** Instructions for the task **
Everything from the line containing "Four Wheel Ride" down to the last line below should be set down exactly, and only that, without the pictures.

══════

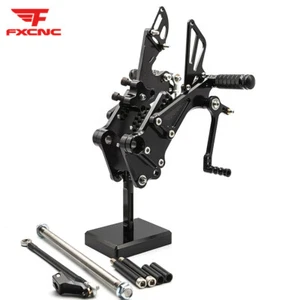 Juego de estribaciones traseras de reposapiés trasero para KTM RC250 RC390 Duke 125 200 390 cambio GP - Imagen 1 de 9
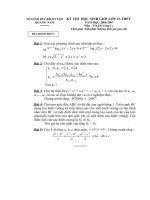 Đề thi HSG Toán 12 vòng 1 NH 06-07 của QNam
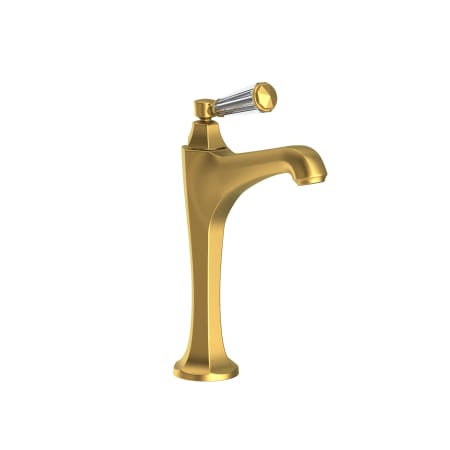 A large image of the Newport Brass 1233-1 Satin Brass (PVD)
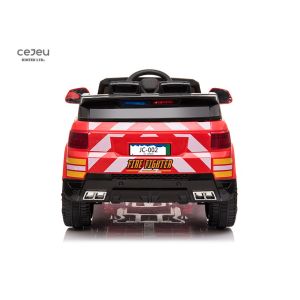 Four Wheel Ride On Toy Vehicles With Police Sound And Three Speed Adjust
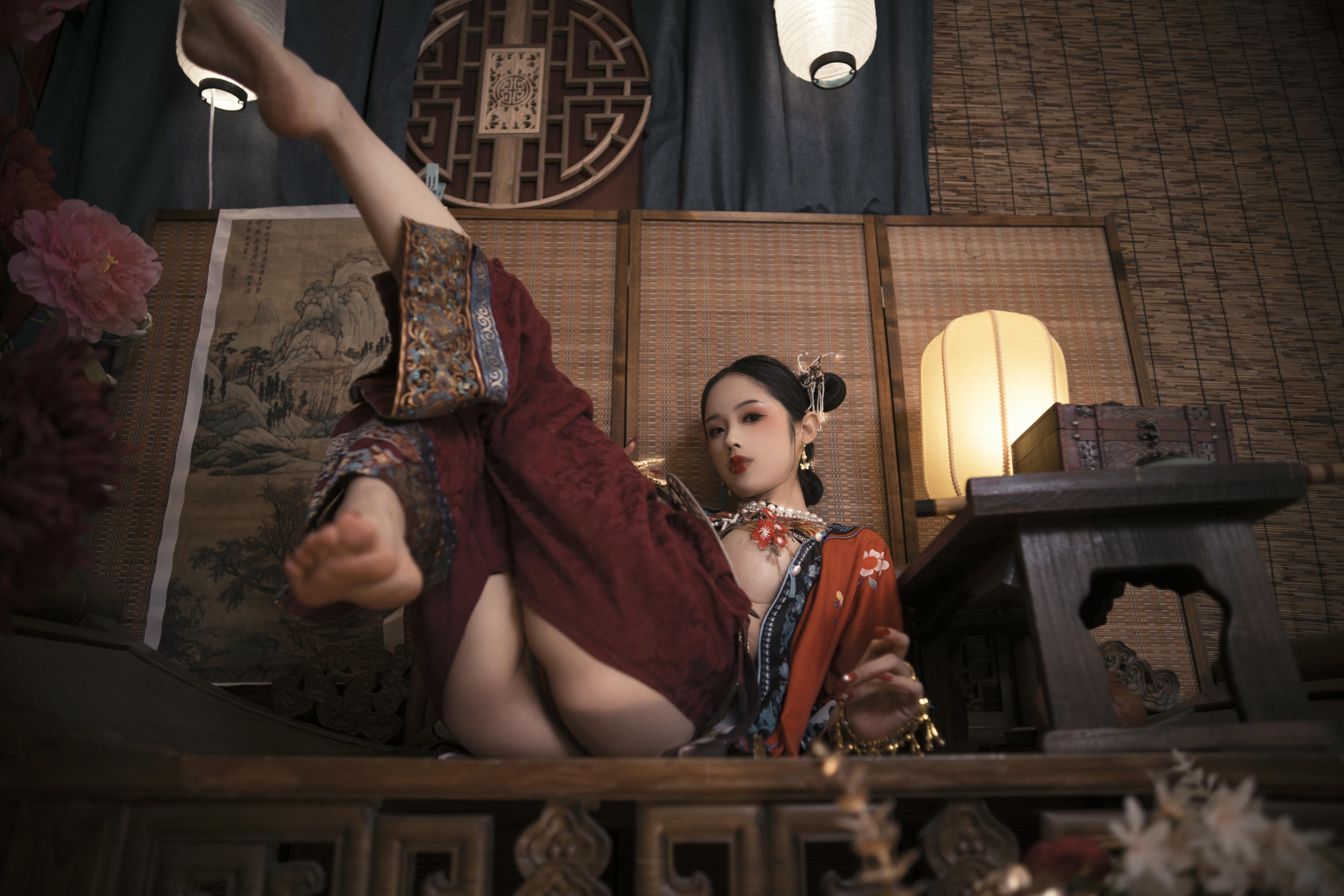 钛合金TiTi NO.076 满清服饰（绿娇红姹）[60P2V-1.51G]_第2集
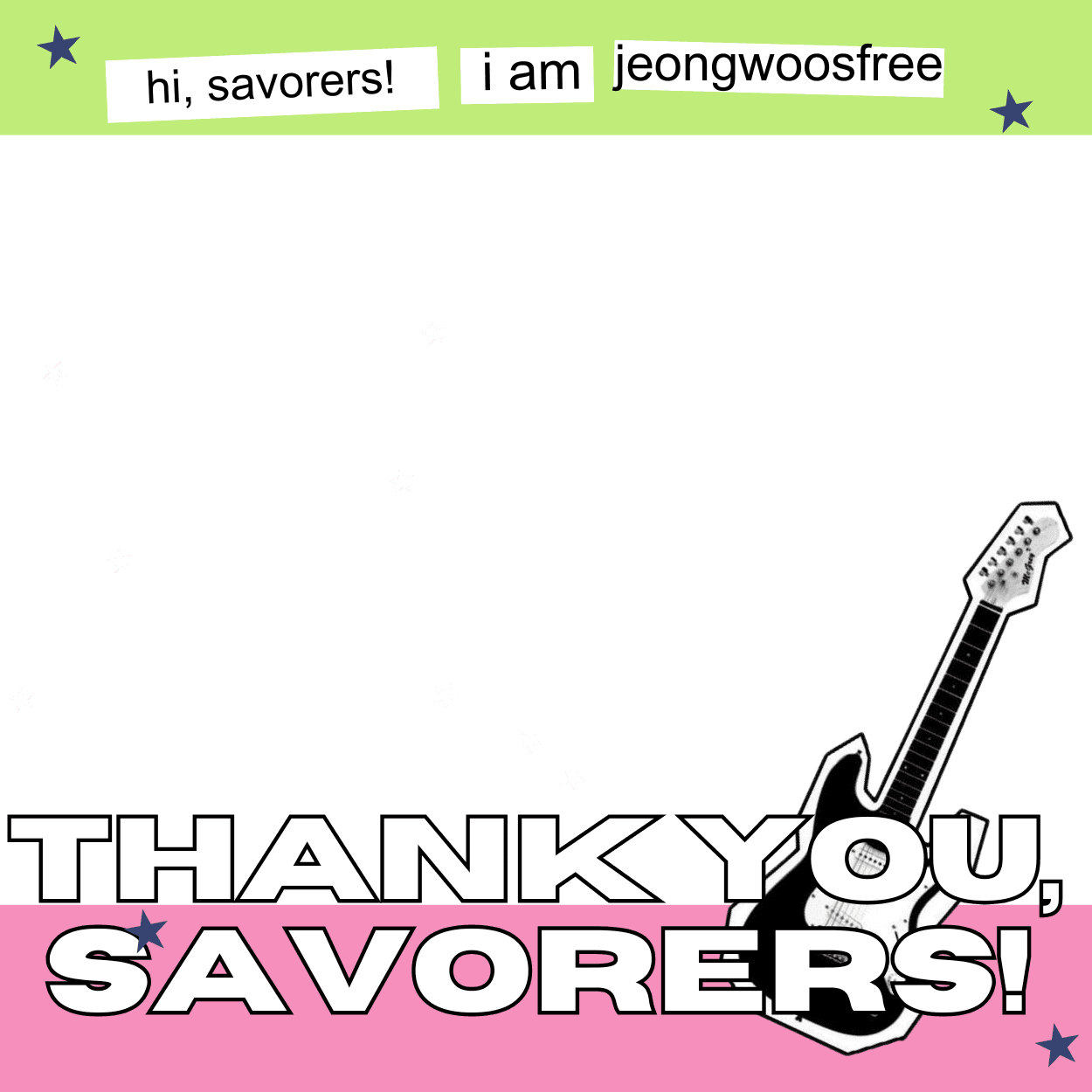 Thank you so much Savorers! 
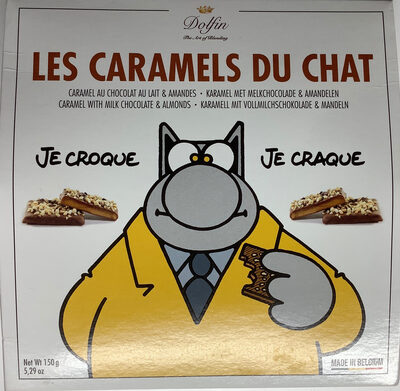 Les caramels du chat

══════

** Response **
 Four Wheel Ride On Toy Vehicles With Police Sound And Three Speed Adjust
 钛合金TiTi NO.076 满清服饰（绿娇红姹）[60P2V-1.51G]_第2集
 Thank you so much Savorers! 
 Les caramels du chat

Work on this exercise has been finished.